What you should do: Nothing in the data should change when you return it, but leave the pictures out.

Data excerpt:
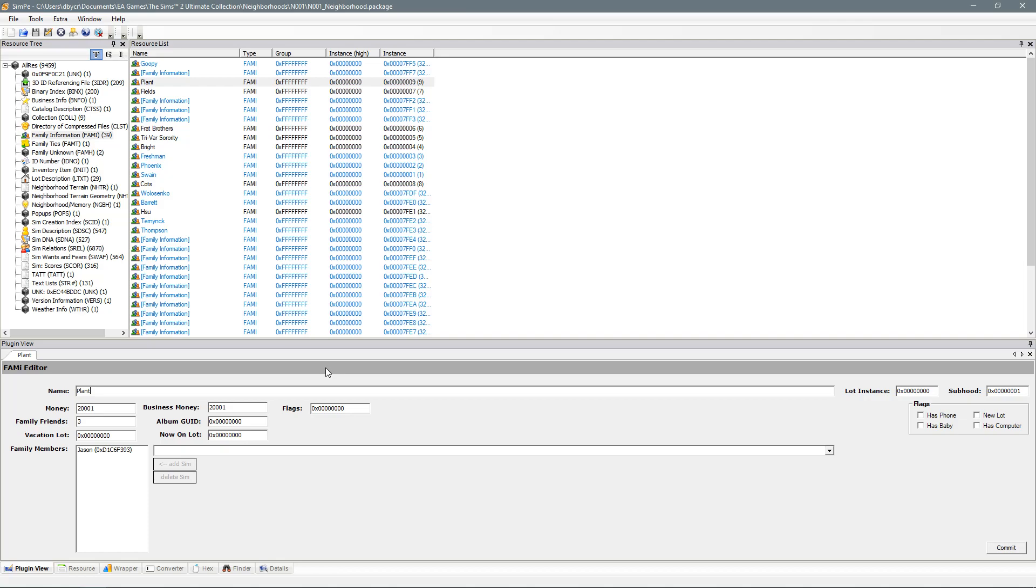This was just a very quick tutorial on changing family names. I hope it's been of some use to you and until the next one guys, happy simming!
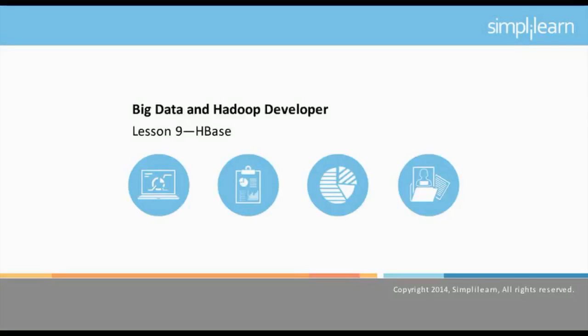Hello and welcome to Lesson 9 of the Big Data and Hadoop Developer course offered by SimpliLearn. This lesson focuses on HBase.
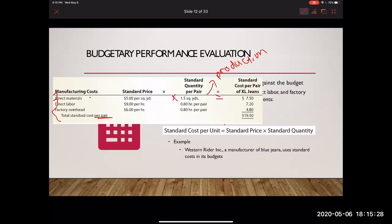We do the same for direct labor. When making a pair of extra-large jeans, the worker assigned to this job should be paid no more than $9 per hour, and it should take no more than 0.8 hours per pair. So $9 per hour times 0.8 hours equals $7.20. For factory overhead — which includes depreciation, supervisors, property taxes, insurance, and so on — it should be no more than $6 per hour and take no more than 0.8 hours per pair, giving us $4.80.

Task output:
This was just a very quick tutorial on changing family names. I hope it's been of some use to you and until the next one guys, happy simming!
Hello and welcome to Lesson 9 of the Big Data and Hadoop Developer course offered by SimpliLearn. This lesson focuses on HBase.
We do the same for direct labor. When making a pair of extra-large jeans, the worker assigned to this job should be paid no more than $9 per hour, and it should take no more than 0.8 hours per pair. So $9 per hour times 0.8 hours equals $7.20. For factory overhead — which includes depreciation, supervisors, property taxes, insurance, and so on — it should be no more than $6 per hour and take no more than 0.8 hours per pair, giving us $4.80.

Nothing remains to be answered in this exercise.